Collection entries
--- START ---

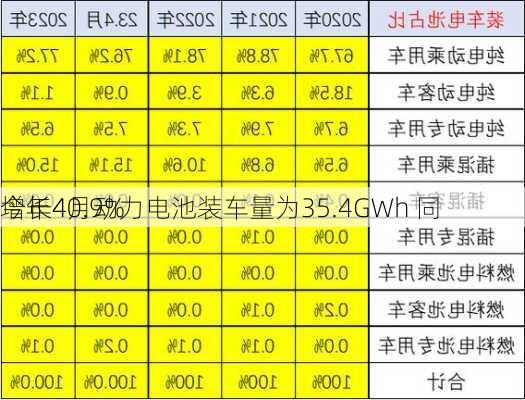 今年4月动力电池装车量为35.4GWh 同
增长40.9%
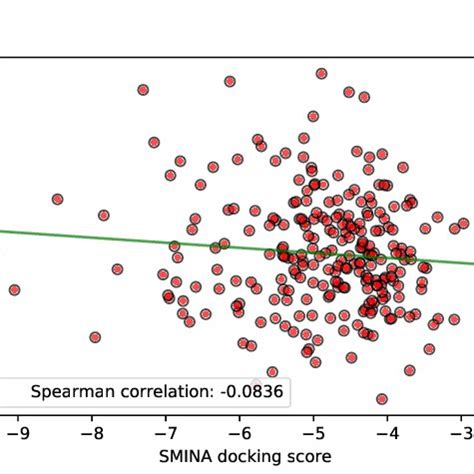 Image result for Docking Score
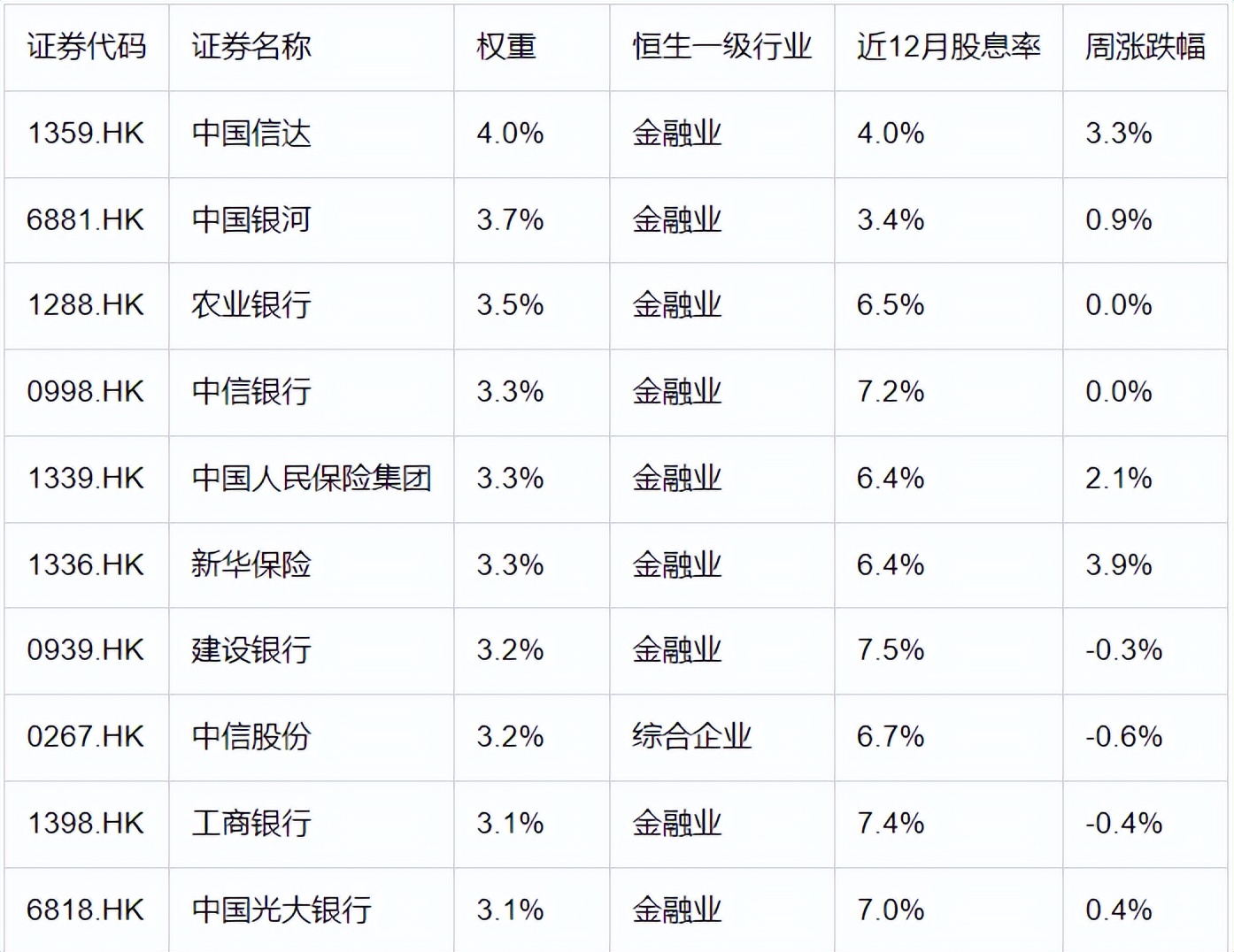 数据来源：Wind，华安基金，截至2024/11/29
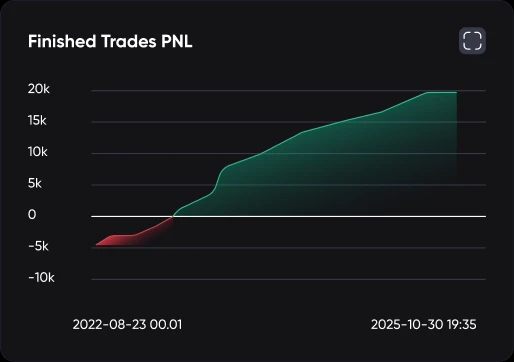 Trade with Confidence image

--- END ---

EXERCISE AIM:
All of the data must be repeated exactly, except for the pictures.

TASK RESPONSE:
 今年4月动力电池装车量为35.4GWh 同
增长40.9%
 Image result for Docking Score
 数据来源：Wind，华安基金，截至2024/11/29
 Trade with Confidence image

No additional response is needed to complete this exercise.